O segundo ponto de ruptura dos jogos que ele destaca é a regulamentação. Os jogos hoje já viabilizam negociações que envolvem moedas, mercado e valores. Quem define e aplica as regras são os próprios criadores de jogos e jogadores. O governo não chega nessas regras. Isso num momento em que a gameficação das coisas se multiplica e se espalha em diferentes áreas.
De acordo com Cowen, nessa brincadeira os reguladores estão ficando para trás. Ao avaliar o mercado americano ele dá o tom da profundidade da ruptura: “Assim como os jogos ultrapassaram o mundo da cultura, também ultrapassarão os recursos regulatórios dos Estados Unidos, por uma variedade de razões: criptografia, uso de criptomoeda, dificuldades de policiamento de realidades virtuais, regras variáveis em jurisdições estrangeiras e, não por acaso, falta de especialização entre os reguladores dos EUA.”

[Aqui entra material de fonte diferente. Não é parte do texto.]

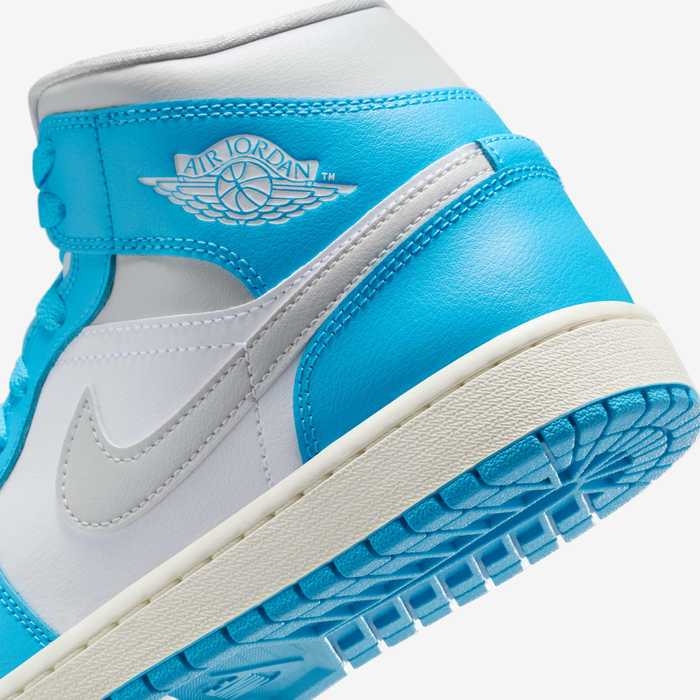 Air Jordan 1 Mid image number 7 Air Jordan 1 Mid image number 7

A resposta para os jogos atropelarem os outros produtos culturais e a regulamentação é que são “mundos autocontidos”. “Até agora, as instituições e estruturas humanas dependiam de redes de idéias relativamente abertas e sobrepostas. O jogo está dividindo e privatizando esses espaços. Essa mudança é a grande tendência que quase ninguém – exceto jogos e criptografia – está percebendo.”